The right hand side should be
$$\frac{1-e^{\frac{in2\pi}{n}}}{1-e^{\frac{i2\pi}{n}}}=0$$
since $e^{\frac{in2\pi}{n}}=e^{i2\pi}=1$.
If a finite set of complex numbers is symmetric about a line passing through the origin, then its sum must lie on that line; if it is symmetric about two different lines through the origin, then its sum must be zero. The $n^{\text{th}}$ roots of unity are the vertices of a regular $n$-gon centered at the origin, which has $n$ lines of symmetry. Hence, for $n\ge2,$ the sum is zero.
Since $c \neq 1$ we have $1+c+\cdots+c^{n-1} = { 1-c^n \over 1-c}$. Then $c^n=1$ finishes.

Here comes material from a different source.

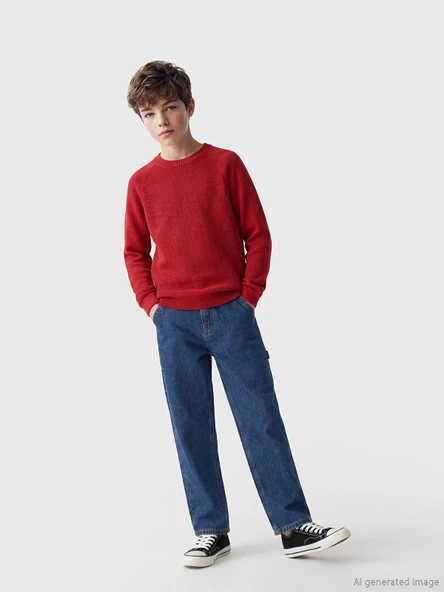 LCW Kids İndigo Loose Fit Erkek Çocuk Jean Pantolon ürün görseli 1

Are you sure you are supposed to use complex analysis to do this? If so what I am saying is irrelevant but here is another 'easy' method.
If $c$ is an nth root of unity then $c$ satisfies the equation $c^n-1$. Factorise this and you should be able to get to the answer.
A variation of the answer of bof: the $n$-th roots of unity are the vertices of a regular $n$-gon centered at the origin and the product by $e^{2\pi i/n}$ is a rotation of angle $2\pi/n$ that leaves invariant the set of $n$-th roots. This means that $$e^{2\pi i/n}\sum^{n-1}_{k=0} e^{2k\pi i/n} = \sum^{n-1}_{k=0} e^{2k\pi i/n}$$ i.e., $$(e^{2\pi i/n}-1)\sum^{n-1}_{k=0} e^{2k\pi i/n} = 0.$$